The neocortex contains two primary types of neurons, excitatory pyramidal neurons (~80% of neocortical neurons) and inhibitory interneurons (~20%). The structure of the neocortex is relatively uniform (hence the alternative names "iso-" and "homotypic" cortex), consisting of six horizontal layers segregated principally by cell type and neuronal connections. However, there are many exceptions to this uniformity; for example, the motor cortex lacks layer IV. There is some canonical circuitry within the cortex; for example, pyramidal neurons in the upper layers II and III project their axons to other areas of neocortex, while those in the deeper layers V and VI project primarily out of the cortex, e.g. to the thalamus, brainstem, and spinal cord. Neurons in layer IV receive all of the synaptic connections from outside the cortex (mostly from thalamus), and themselves make short-range, local connections to other cortical layers. Thus, layer IV receives all incoming sensory information and distributes it to the other layers for further processing.
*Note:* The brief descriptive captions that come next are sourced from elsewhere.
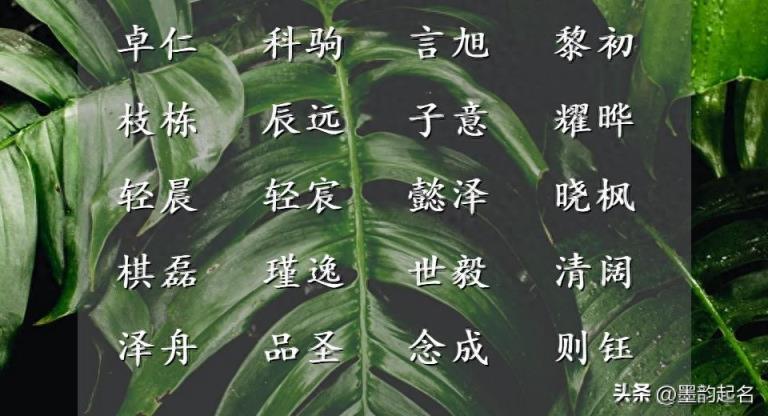 平安快乐的出自诗词的女孩名字集锦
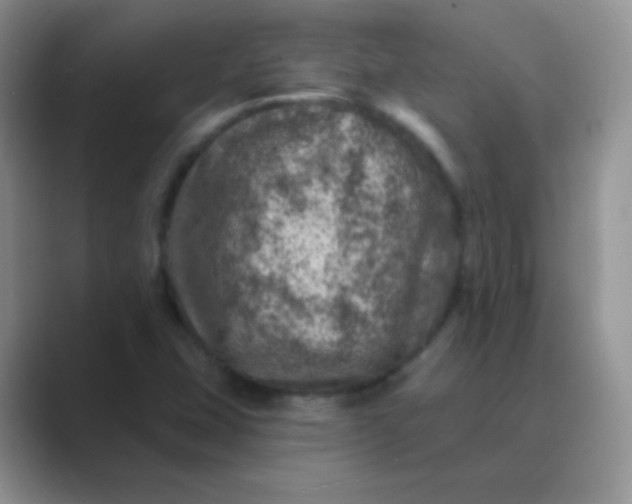 X0000089701407200707051635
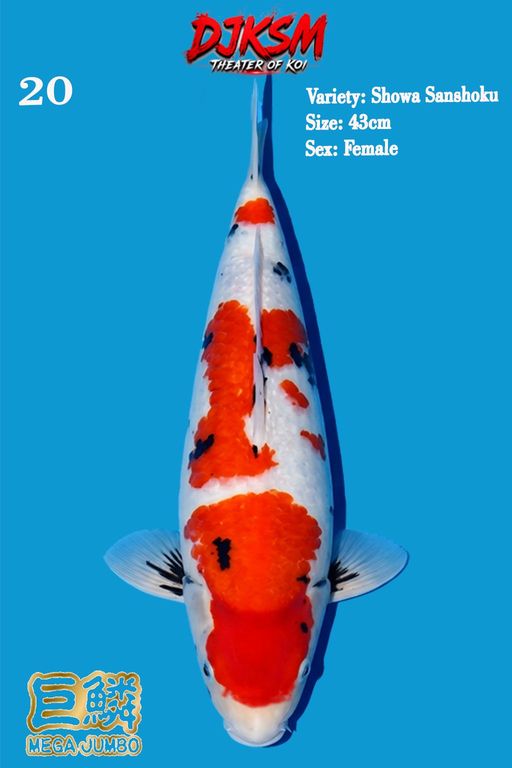 Lelang Koi Online, Jual Beli Ikan Koi, Pusat Jual Beli Koi, Info Lelang Koi Hari Ini, Platform Jual Beli Koi, Jual Beli Ikan Koi Online, Marketplace Ikan Koi, Jual Koi Terbaik, Tempat Beli Koi Berkualitas, Pasar Ikan Koi Online Terpercaya, Penjual Ikan Koi Terpercaya, Beli Koi Hias Online, Ikan Koi untuk Dijual, Koi Kualitas Terbaik, Toko Online Ikan Koi, Koi Hias Untuk Dijual, Jual Beli Ikan Koi Lokal, Koi Indonesia Online, Pusat Jual Beli Koi Terbesar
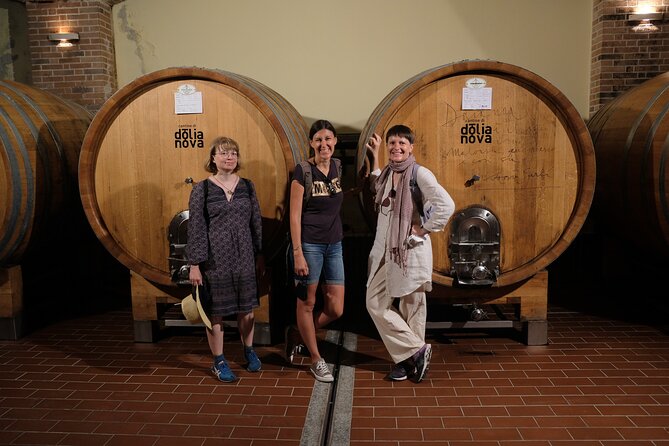WINE TOUR With Sommelier in a WINEry Near Cagliari - Pickup and Drop-off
The neurons of the neocortex are also arranged in vertical structures called neocortical columns. These are patches of the neocortex with a diameter of about 0.5 mm (and a depth of 2 mm). Each column typically responds to a sensory stimulus representing a certain body part or region of sound or vision. These columns are similar, and can be thought of as the basic repeating functional units of the neocortex. In humans, the neocortex consists of about a half-million of these columns, each of which contains approximately 70,000 neurons.^[5]

The neocortex is derived embryonically from the dorsal telencephalon, which is the rostral part of the forebrain. The neocortex is divided into frontal, parietal, occipital, and temporal lobes, which perform different functions. For example, the occipital lobe contains the primary visual cortex, and the temporal lobe contains the primary auditory cortex. Further subdivisions or areas of neocortex are responsible for more specific cognitive processes. In humans, the frontal lobe contains areas devoted to abilities that are enhanced in or unique to our species, such as complex language processing localized to the ventrolateral prefrontal cortex (Broca's area). In humans and other primates, social and emotional processing is localized to the orbitofrontal cortex. (See Cerebral cortex and Cerebrum.)

Evolution

The neocortex is the newest part of the cerebral cortex to evolve (hence the prefix "neo"); the other parts of the cerebral cortex are the paleocortex and archicortex, collectively known as the allocortex. The cellular organization of the allocortex is different from the six-layer structure mentioned above. In humans, 90% of the cerebral cortex is neocortex^{[citation needed]}.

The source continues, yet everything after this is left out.